[Captioned web image data]
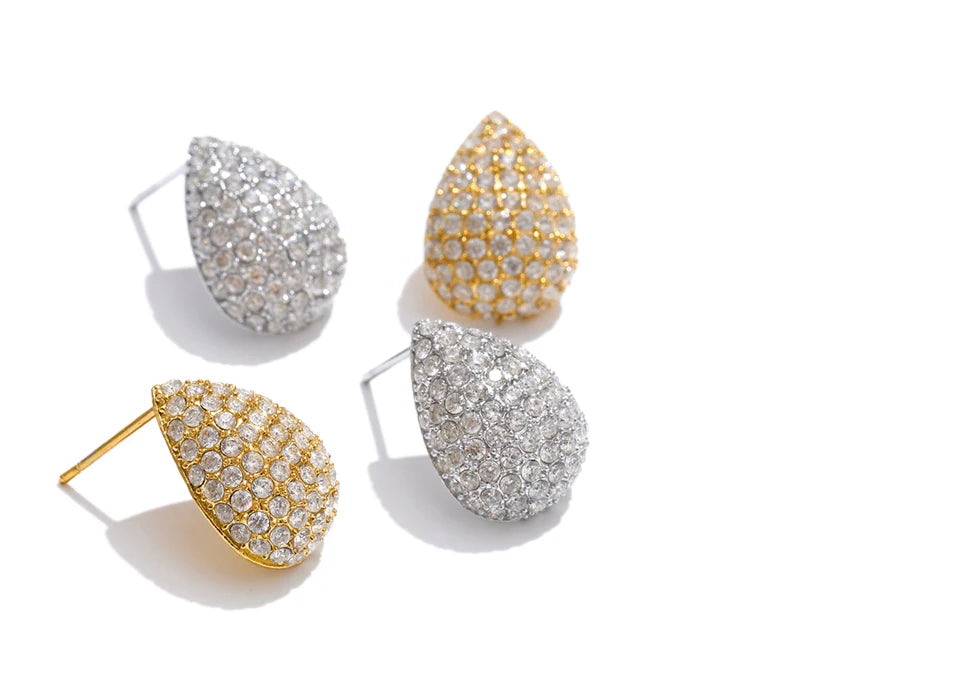 Cubic Zirconia Earrings — Gold-Plated Stainless Steel with Cubic Zirconia · PS1165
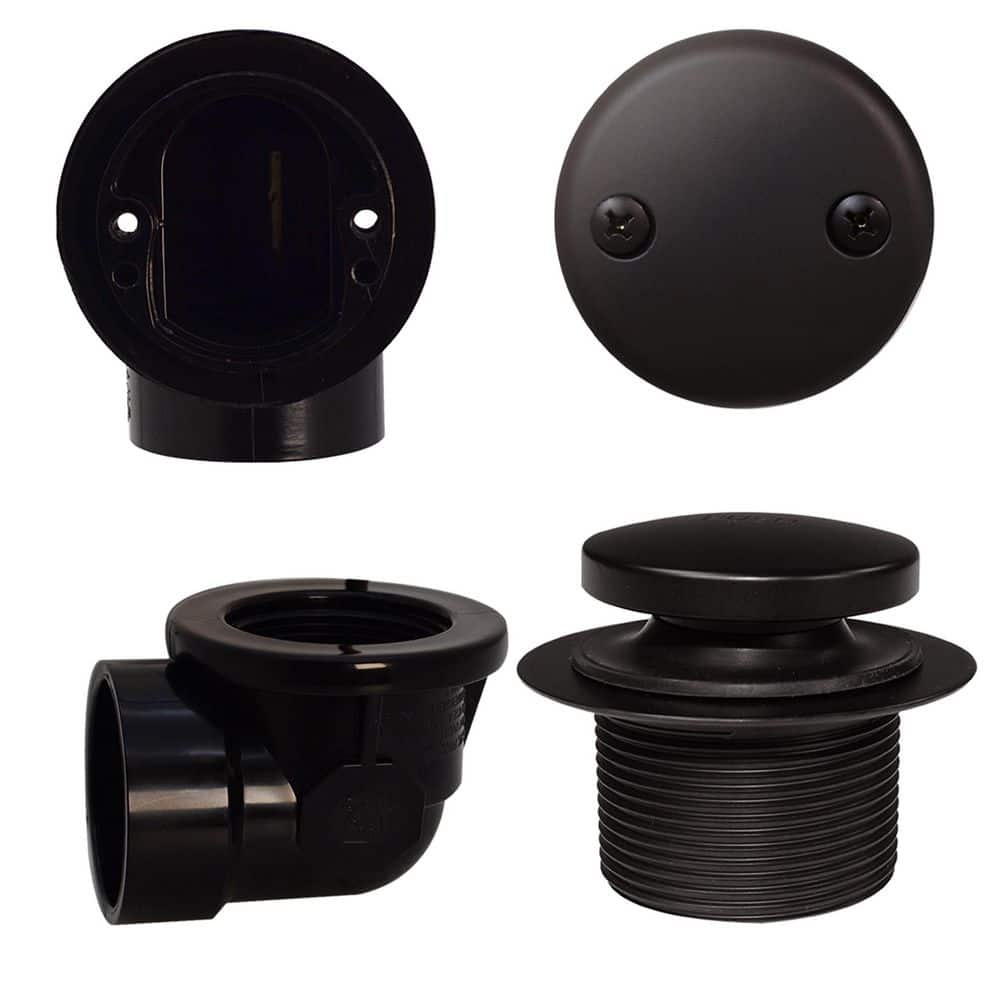 Sch. 40 ABS 1-1/2 in. Course Thread Plumber's Pack Tip-Toe Bathtub Drain with Two-Hole Elbow, Oil Rubbed Bronze price history on PriceWatchPro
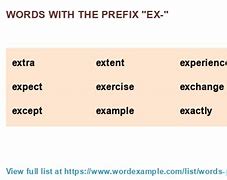 Image result for Ex Prefix Words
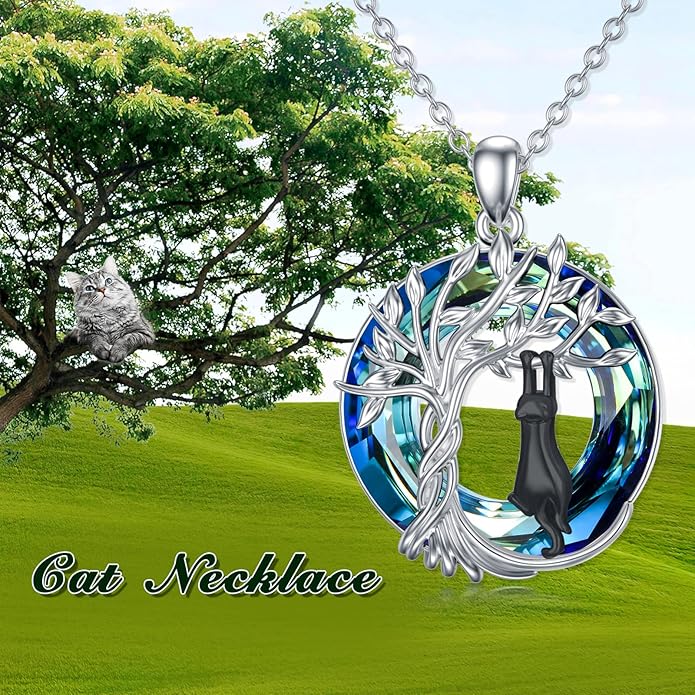 TOUPOP Cat Gifts for Cat Lovers Sterling Silver Cute Cat Tree of Life Pendant Necklace with Blue Circle Crystal Birthday Christmas Jewelry Gifts for Women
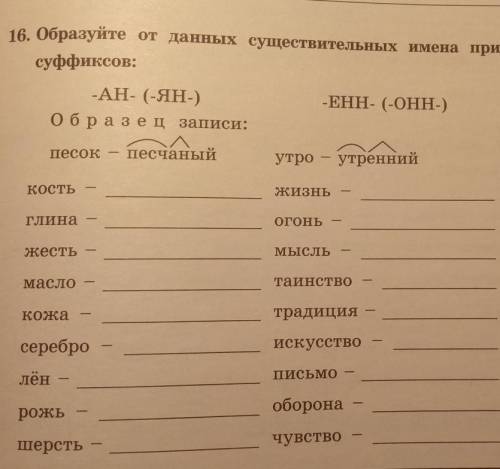 16. Образуйте от данных существительных имена прилагательные при суффиксов:-АН- (-ЯН-) -ЕНН- (-OHH-)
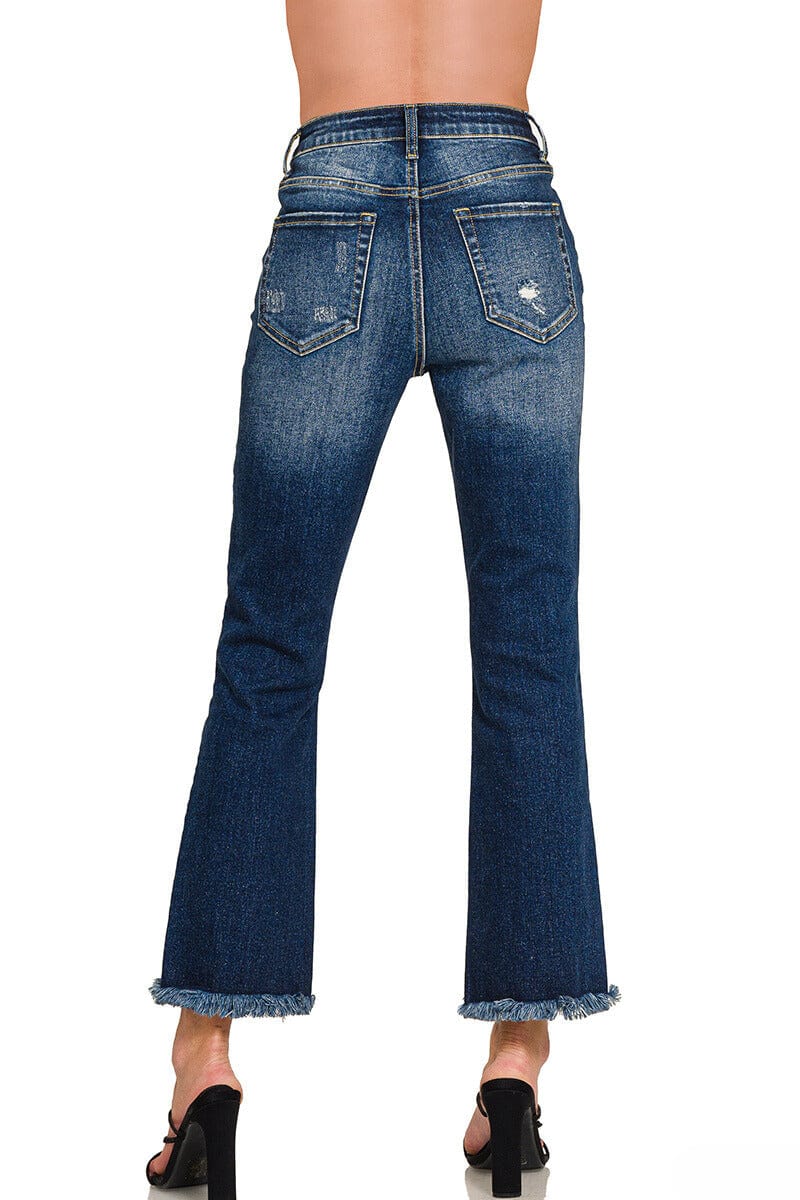 High rise straight cropped jean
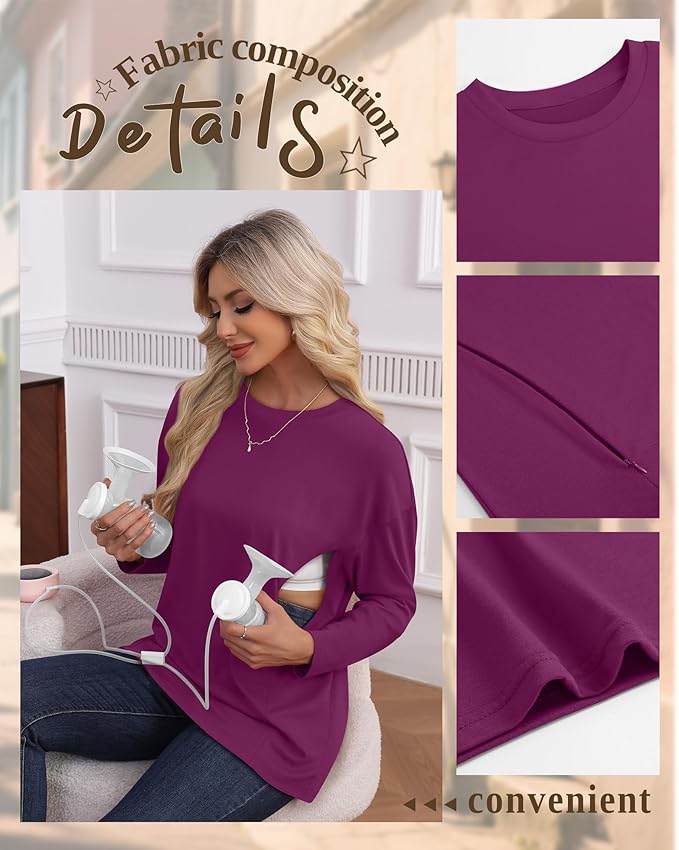 3 Pack Women's Nursing Breastfeeding Tops, Long Sleeve Maternity Shirts Oversize Hidden Zipper Pregnancy Clothes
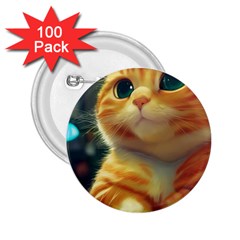 Cute Cat Cat Feline 3d 2 25  Buttons (100 Pack)  by Pakemis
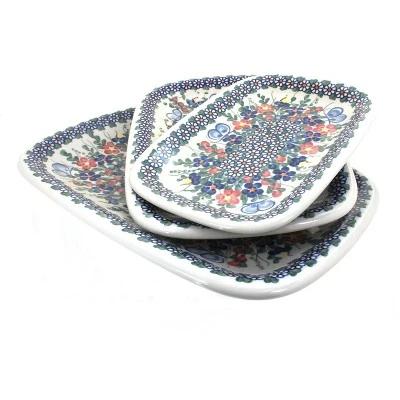 Blue Rose Polish Pottery 6200 Vena 3 Piece Rectangular Serving Set 5 Blue Rose Polish Pottery 6200 Vena 3 Piece Rectangular Serving Set - Image 5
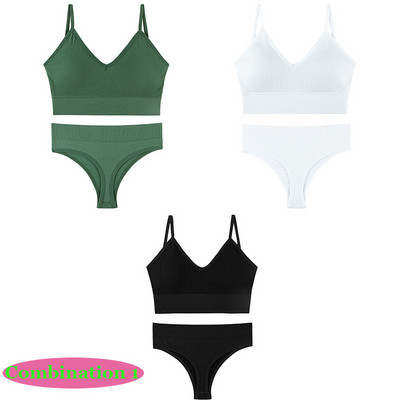 2023 Set de lenjerie intima Push Up, fără spate, la modă, Set de sutien fără sudură, Sexy G-String, moale, 2 buc. Seturi de lenjerie fără fir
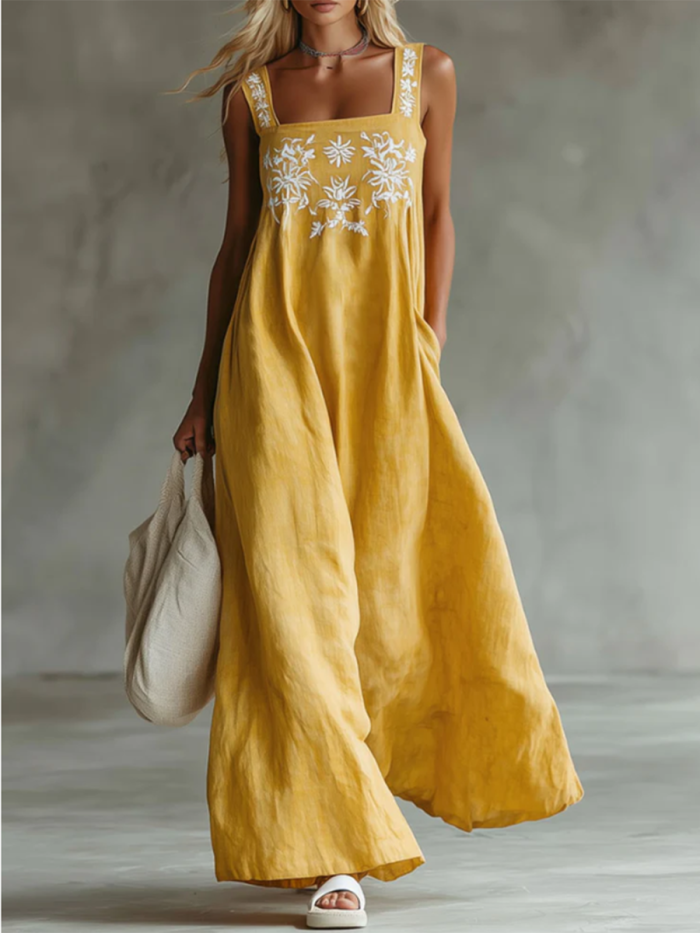 Casual Bohemian Floral-print Cotton-linen Dress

**WORK REQUIRED:**
Copy the lines above exactly, starting with the line that contains "Sch. 40 ABS" and ending with the line that contains "Cute Cat Cat", and leave out any pictures.

**SOLVED PROBLEM:**
 Sch. 40 ABS 1-1/2 in. Course Thread Plumber's Pack Tip-Toe Bathtub Drain with Two-Hole Elbow, Oil Rubbed Bronze price history on PriceWatchPro
 Image result for Ex Prefix Words
 TOUPOP Cat Gifts for Cat Lovers Sterling Silver Cute Cat Tree of Life Pendant Necklace with Blue Circle Crystal Birthday Christmas Jewelry Gifts for Women
 16. Образуйте от данных существительных имена прилагательные при суффиксов:-АН- (-ЯН-) -ЕНН- (-OHH-)
 High rise straight cropped jean
 3 Pack Women's Nursing Breastfeeding Tops, Long Sleeve Maternity Shirts Oversize Hidden Zipper Pregnancy Clothes
 Cute Cat Cat Feline 3d 2 25  Buttons (100 Pack)  by Pakemis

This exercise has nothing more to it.